A qué voy; cuando alguien que se presume serio, no importa a qué se dedique, se vuelve presa fácil del rumor como estoy seguro podría ser el caso recurre vertiginosamente al denosté y aparente indignación, bastaría acercarse medianamente a su biografías para entender, con acertada precisión, que lo que buscan es provocar las reacciones inmediatas (de bote pronto) entre el conglomerado social. Ejemplo; si alguien quiere saber el grado de aceptación que tiene en una comunidad o espacio social que fuere tal o cual personaje, la estrategia mediática es considerarlo sea cual fuere su aspiración y ponerlo ante el gran público. Las reacciones primeras entonces, pueden ser -riesgo calculado- de aceptación o rechazo. ¡Brujo!

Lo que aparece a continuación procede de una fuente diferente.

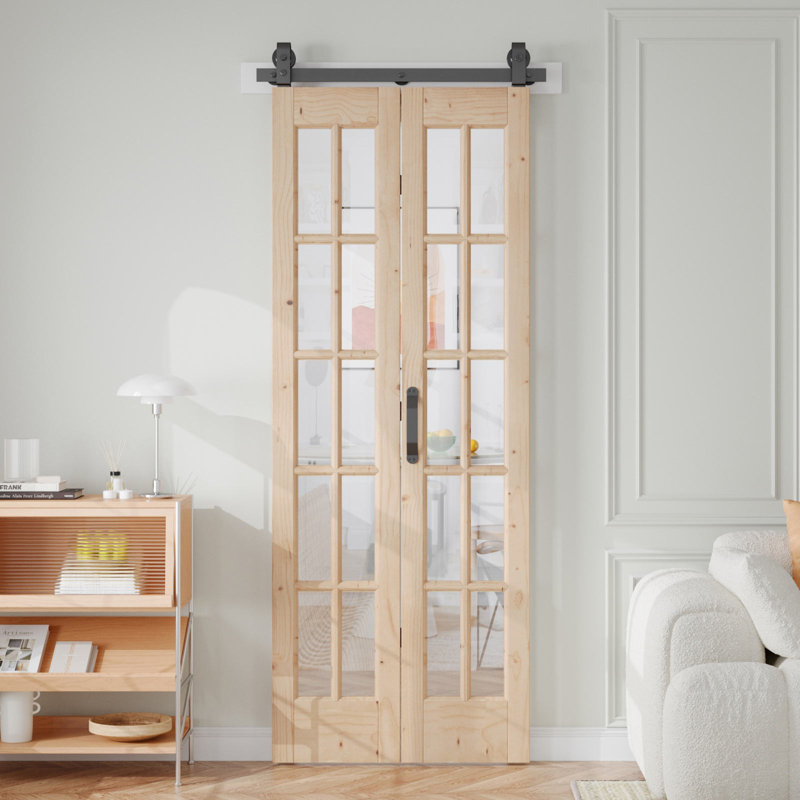 Porte pliante en verre et bois massif avec quincaillerie d'installation, 30 po x 84 po, 2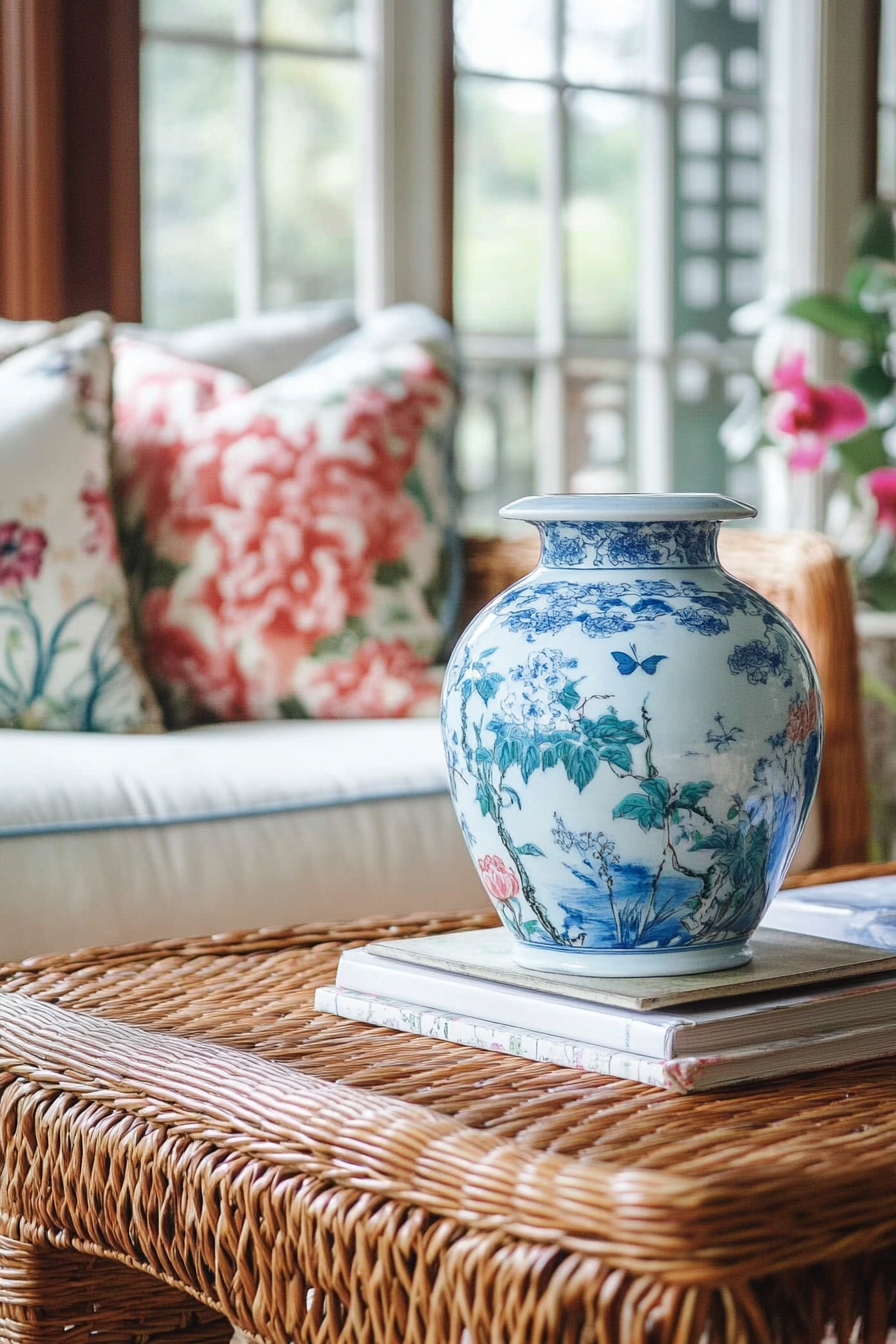 Coastal living space. Vintage blue chinoiserie vase on wicker table with floral upholstery.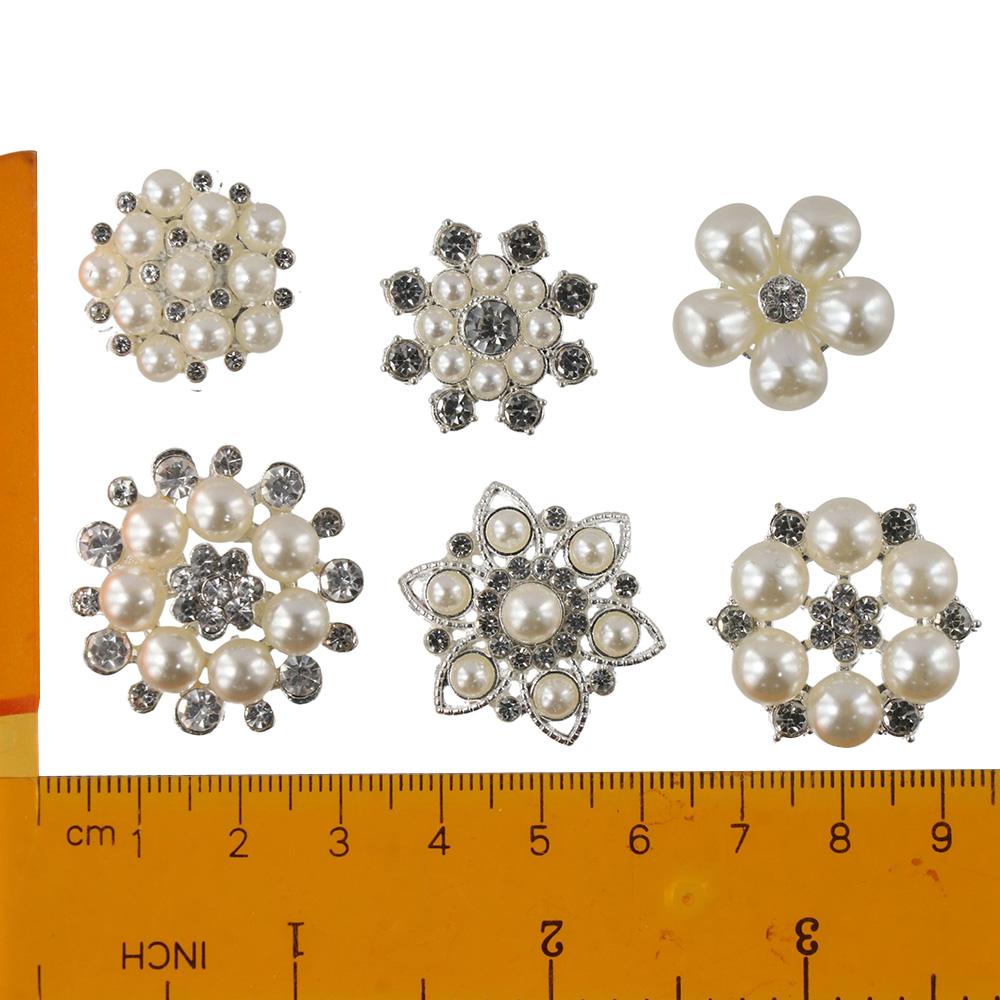 30 шт. Пуговицы-цветы с жемчугом и стразами 6 стилей Пуговица-цветок Блестящие пуговицы Домашнее украшение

Paso seguido y después de despertar al león de la opinión pública, saben que lo que sigue son los escarceos mediáticos. Se identifican, se cooptan o desechan. Todo es el tamaño del sapo… y de ahí la pedrada. Así y más así (rezan los teóricos de la Teoría del Conflicto); en dónde no lo hay, hay que generarlo. Me explico. Cuando en un país o estado las cosas parecen caminar “demasiado” bien y se respira una calma “chicha” (expresión coloquial que indica tranquilidad), es tiempo de empezarse a preocuparse ya que nadie, me refiero a los entes gubernamentales conocedores de la realidad social pueden asumir, de manera razonada, que nada esté pasando. Así, en donde no hay conflicto hay que generarlo. Después las autoridades en turno en un acto magnánimo y de reconocimiento de lo que les afecta, disponen lo conducente para solventar las sentidas demandas o carencias. Así la historia se repite. Siempre.
Ya de salida
A lo que voy (y me estaba tardando), es que no les busquemos chichis a las culebras. No tienen, me queda claro. El que algún despistado con oficio de rumorólogo en aras de ¿no sé qué putas!, se ponga y disponga a propalar una absurda mentira como simple posibilidad, como es el caso que el panista Rodríguez Prats apareciera en las boletas para gobernador de Chiapas, me cae, es considerar, de menos, que sus lectores chiapanecos son menos que retrasados mentales. Concluyo: No ¡no se equivoquen! No sean estúpidos. Ahora de que si lo panistas en Chiapas -los que queden- de corazón y convicción- no quieren pasar a la historia como sátrapas, cobardes y desmemoriados, ahí tienen a su candidato natural que, aunque perdiendo, les recobraría para sí y su partido, un halito de dignidad y respeto. Ahí está; Juan Carlos Cal y Mayor Franco. Les quede claro. A mí me queda.